Technology solutions to monitor Cebu City’s free medicines program, facilitate and track donations for calamity-hit communities, teach speech to kids with cleft palate, support cancer patients deal with their disease, and help the blind read via conversion of text into Braille feedback topped Saturday’s Accenture Program The Future 2018 in Cebu.
The five student teams chosen from the 11 that joined the semifinals in Cebu will head to Manila on August 18 to compete in the national finals.
“Your solutions and apps prove that you can accomplish extraordinary things by combining talent, collaboration, technology, and compassion for others,” said Accenture Advanced Technology Centers in the Philippines Managing Director Arvin Yason during the awarding of winners.
“Help future-proof talent”
Program The Future: The Accenture Technology Campus Challenge, Yason explained in a press conference after the event, was started five years ago to reach out to the academe.
“Through Program the Future, Accenture is actively collaborating with the academe to help future- proof talent, equipping them with the necessary skills to succeed and lead in the digital age,” the company said in a briefing paper.
“The intent really is through the months-long program, we want to help students rediscover their power to shape the future through technology,” Yason said. “We’re also helping them see that it’s not just about technology it’s also about creativity, imagination, teamwork–because we’re a very team-oriented organization–and the power of technology to make the world a better place.”
New technologies to solve social problems
This year, the competition’s theme is “Tech4Good.”
Accenture said the competition provides students the opportunity to learn about new technologies such as blockchain, cloud, Internet of things or IoT, extended reality, data analytics, and artificial intelligence.
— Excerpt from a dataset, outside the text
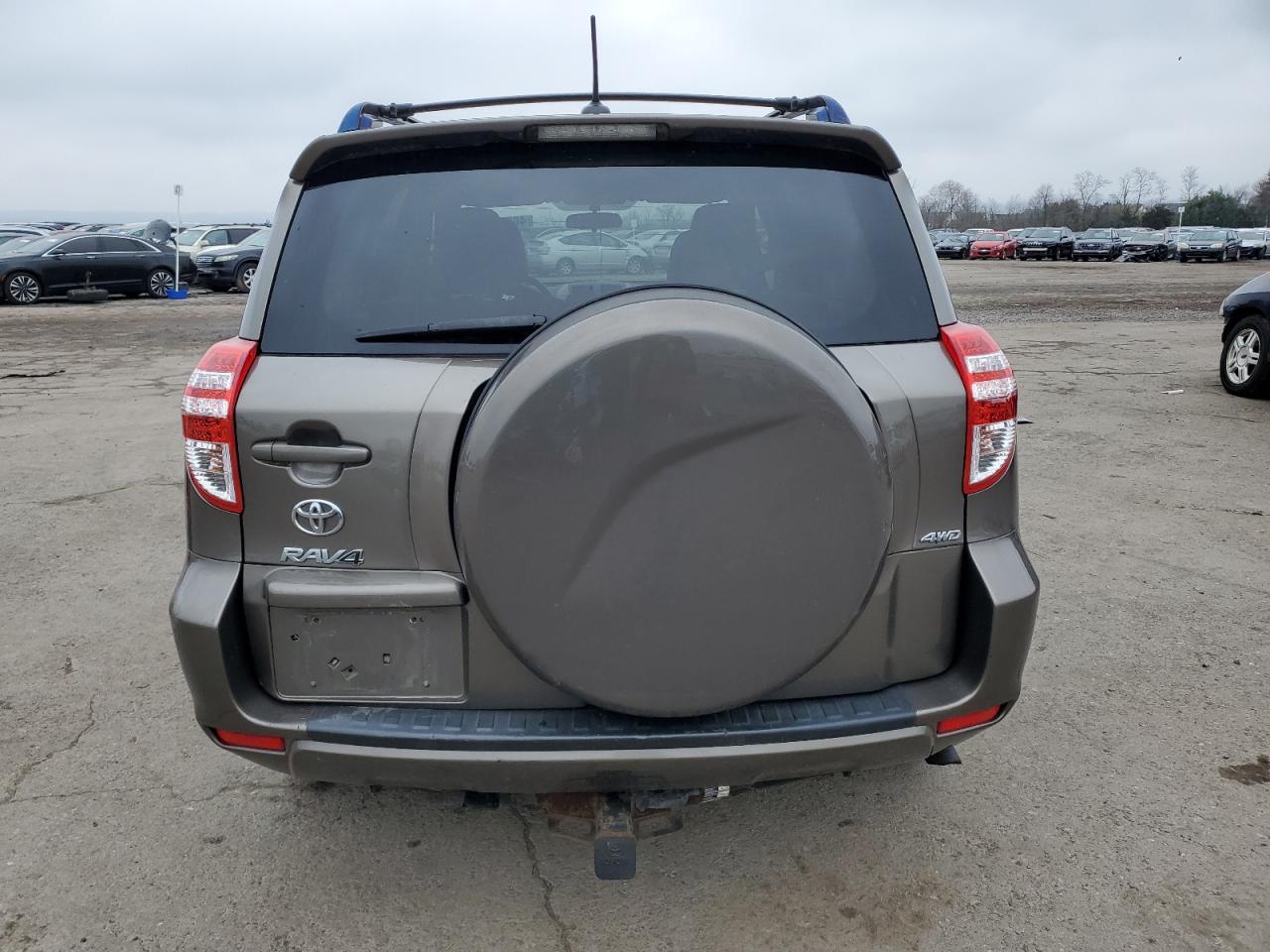 2011 TOYOTA RAV4 - Фото 6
The students underwent training and mentoring sessions by Accenture employees on design thinking and the new technologies that they should tap in building their solutions, Yason said.
He said the program received 132 submissions from 21 schools all over the country.
In Cebu, the following teams won and will compete in the national finals:
Team: A1 of Cebu Institute of Technology University
Aeon is an app and platform that will help Cebu City Hall’s Long Life Program, a project that delivers maintenance medicines to residents with with hypertension, diabetes, and other chronic diseases. The app aims to solve problems on the program such as manual recording by digitizing records. It uses GPS to verify and track deliveries. It also has a predictive stock ordering capability to make sure there is enough stocks for beneficiaries. The platform can also be used to gather health data of beneficiaries to evaluate potential health risks.
Team: Aid 2.0 of University of San Carlos
Project: Tactus: Tactile text to Braille glove for the blind
Tactus taps AI and IoT to transform text into Braille feedback on the fingertips of a glove. The team says it offers a “portable, wearable, and affordable” solution for the blind and visually-impaired to read.
Team: Amigos of University of San Jose Recoletos
The project taps IBM Watson AI to analyze data from verified news sources about calamities and then generate assessments, based on location and population, on needs of the community for donations. It also taps the blockchain for monitoring of the donations.
Team: Repository Blues of University of the Philippines – Cebu
The project is a support platform for people with cancer deal with their ailment. It has a profile of the patient, a private diary to track the treatment, reminders and tracking of medications, and a community portal for interaction with other cancer patients and medical personnel.
Team Coop of Cebu Institute of Technology University
Tingog is an app that aims to teach speech to children with cleft palate. It is meant as a complement to professional speech therapy. During the presentation, team leader Fritz Hoyle said the team will be working with Smile Train Philippines to deploy the app, whatever the outcome of the contest.
Yason said the teams in this year’s edition of the event “pleasantly surprised us in terms of the readiness of their prototypes.”
Unlike in the previous staging of the events when they focused on specific technologies, Yason said this year is more open-ended in terms of solutions.
Integrate multiple technologies
“That actually mimics real life. In real life, we rarely deliver solutions just on one technology. When we build solutions for our clients, we integrate multiple technologies,” Yason said.
“The evolution this year is tech for good. We wanted these students to actually look at society’s problems and ask themselves how can we start solving these problems with new and emerging technologies,” he said.
The 10 finalists that made it to the national competition will get P20,000 cash each team. The team that deploys solutions closely aligned with Accenture’s Tech Vision will receive P50,000 cash. The grand champion will win P300,000 cash and the school will receive P50,000. The Accenture mentor of the winning team will get a gadget.